───── DATA EXTRACTS

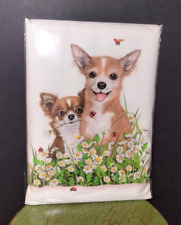Mary Lake Thompson Two Chihuahuas Flowers   Kitchen Flour Sack Towel NIP picture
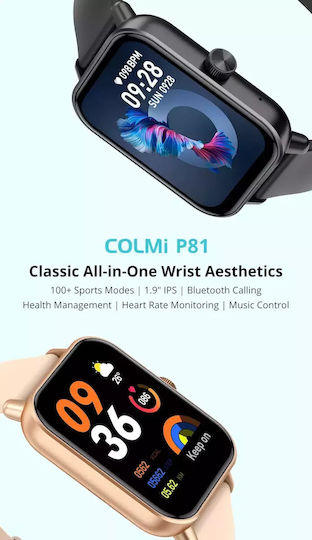 Colmi P81 Smartwatch με Παλμογράφο (Χρυσό)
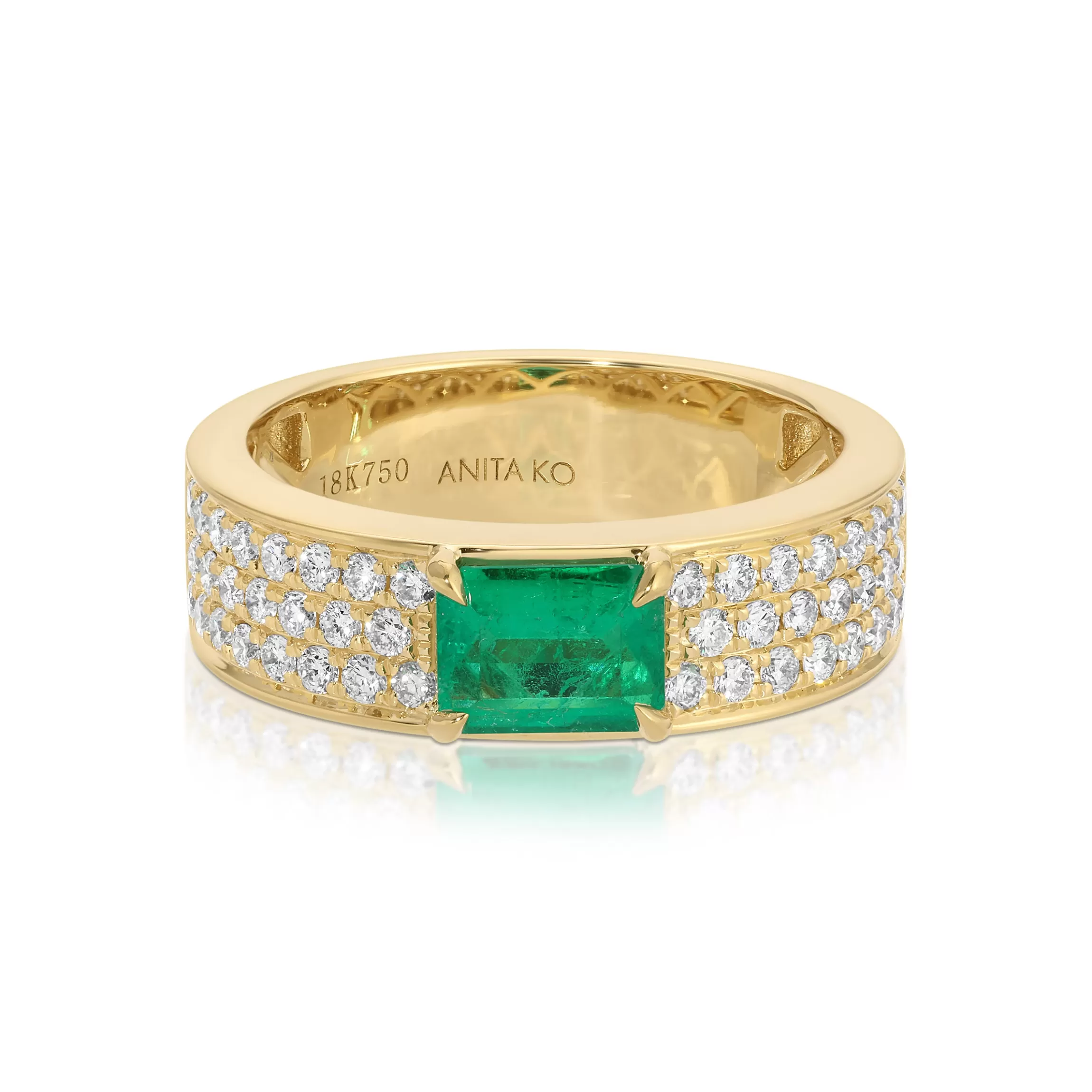 Anita Ko WIDE DIAMOND BAND WITH EMERALD CUT EMERALD CENTER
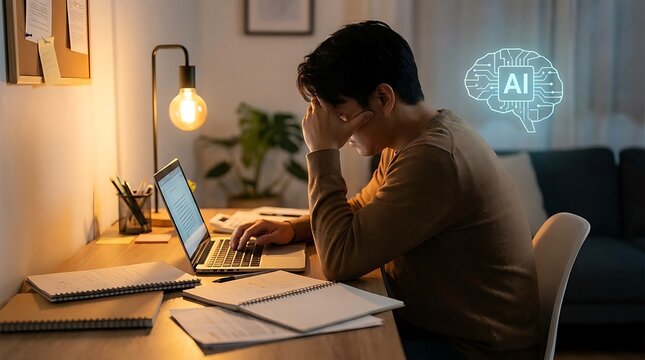 Stressed young man working on laptop late at night with glowing ai brain symbol representing fatigue.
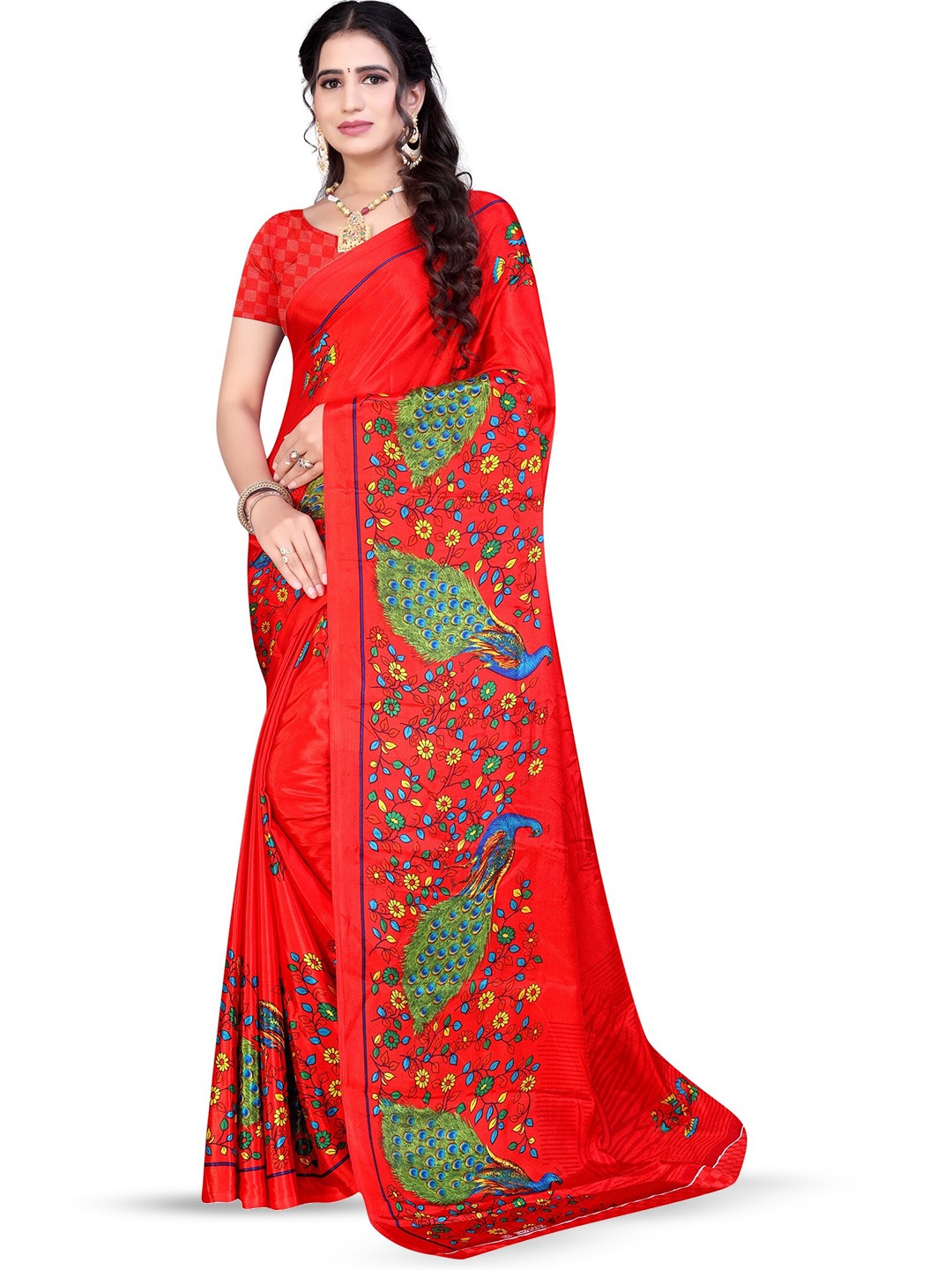 

Leelavati Floral Printed Pure Crepe Saree, Red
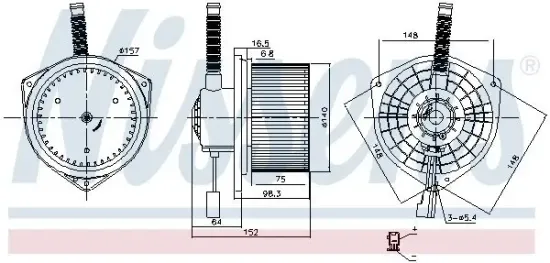 Innenraumgebläse 12 V NISSENS 87754 Bild Innenraumgebläse 12 V NISSENS 87754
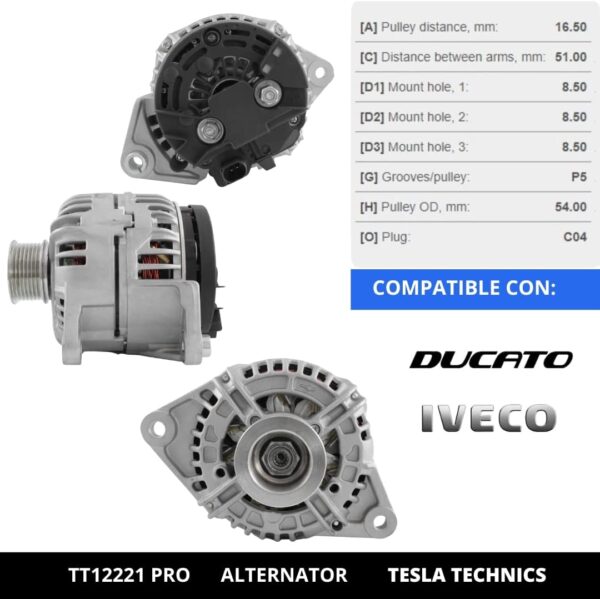 TT12221 PRO, Alternador, 12V, 140A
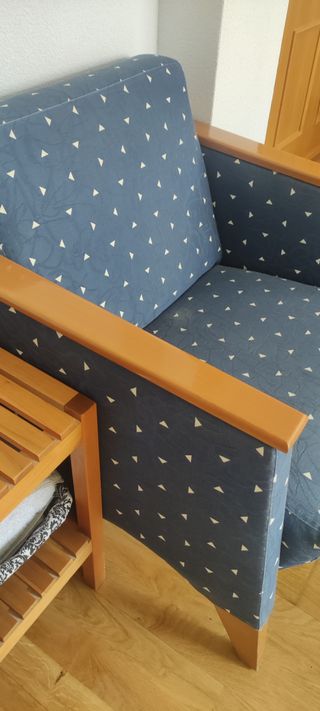 Sillón azul - Butaca madera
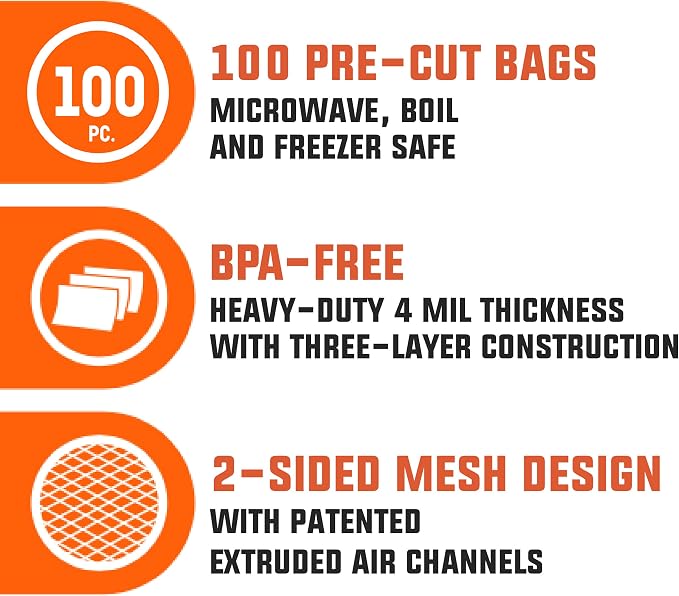 8” x 12” Pre-Cut Vacuum Bags – 100 Quart Bags for Food Preservation – BPA-Free Vacuum Sealer Bags, Microwave, Freezer and Boil Safe, Compatible with any Vacuum Sealer Machine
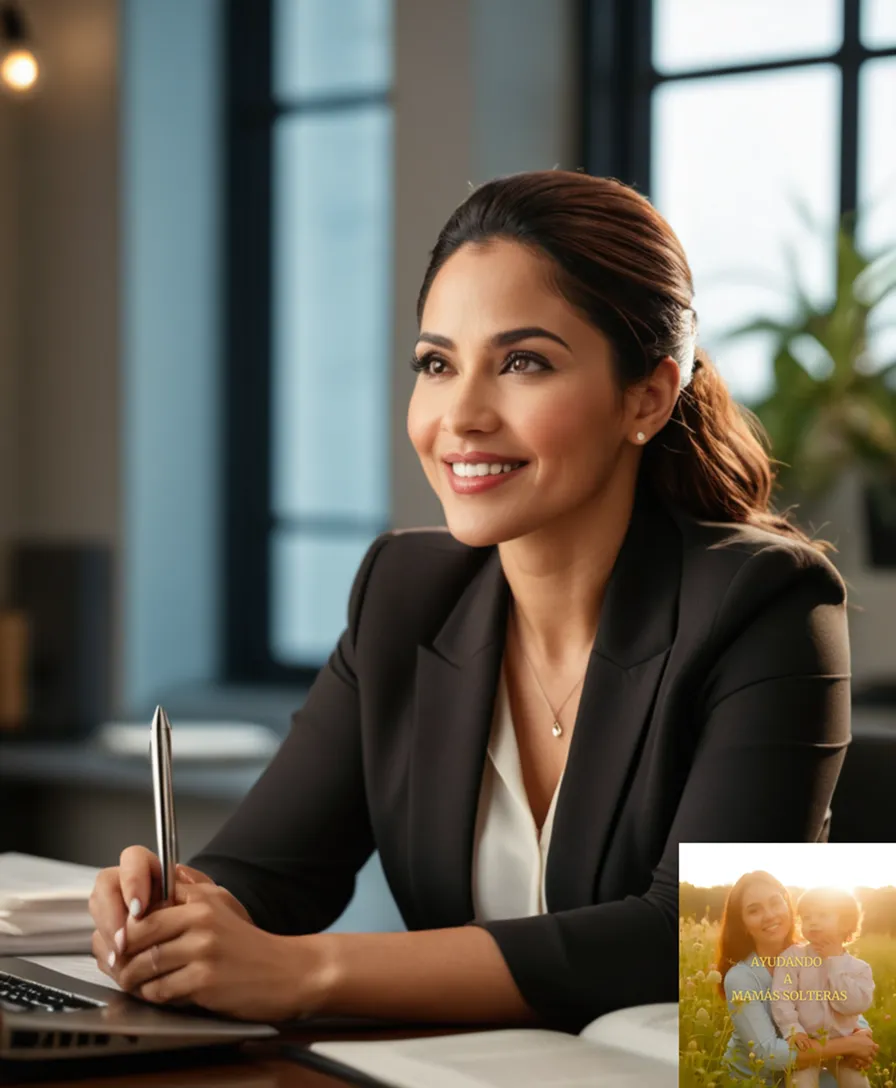 The image should show a warm and hopeful scene of a Latina single mother in her mid-30s, seated at a desk with a laptop open in front of her, surrounded by charts, calculators, and stacks of financial books, gazing upwards with a confident smile towards the window where sunlight casts a gentle glow on her hands holding a pen.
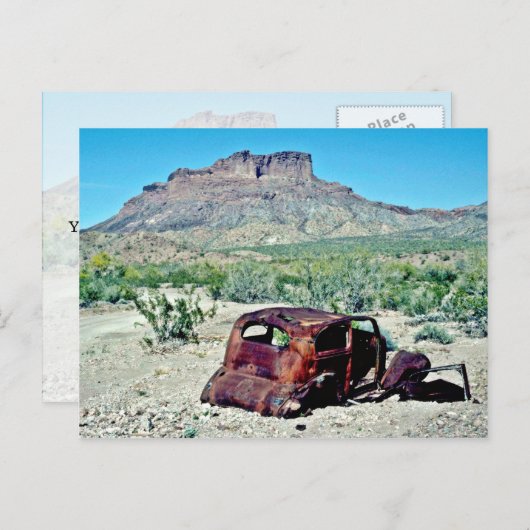 Altwagen vor dem Butte Postkarte (Vorne/Hinten)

──────────

What the answer must hold: all the data above, given again exactly, without pictures.

**SOLUTION TO THIS TASK**
Mary Lake Thompson Two Chihuahuas Flowers   Kitchen Flour Sack Towel NIP picture
 Colmi P81 Smartwatch με Παλμογράφο (Χρυσό)
 Anita Ko WIDE DIAMOND BAND WITH EMERALD CUT EMERALD CENTER
 Stressed young man working on laptop late at night with glowing ai brain symbol representing fatigue.

Leelavati Floral Printed Pure Crepe Saree, Red
 Innenraumgebläse 12 V NISSENS 87754 Bild Innenraumgebläse 12 V NISSENS 87754
 TT12221 PRO, Alternador, 12V, 140A
 Sillón azul - Butaca madera
 8” x 12” Pre-Cut Vacuum Bags – 100 Quart Bags for Food Preservation – BPA-Free Vacuum Sealer Bags, Microwave, Freezer and Boil Safe, Compatible with any Vacuum Sealer Machine
 The image should show a warm and hopeful scene of a Latina single mother in her mid-30s, seated at a desk with a laptop open in front of her, surrounded by charts, calculators, and stacks of financial books, gazing upwards with a confident smile towards the window where sunlight casts a gentle glow on her hands holding a pen.
 Altwagen vor dem Butte Postkarte (Vorne/Hinten)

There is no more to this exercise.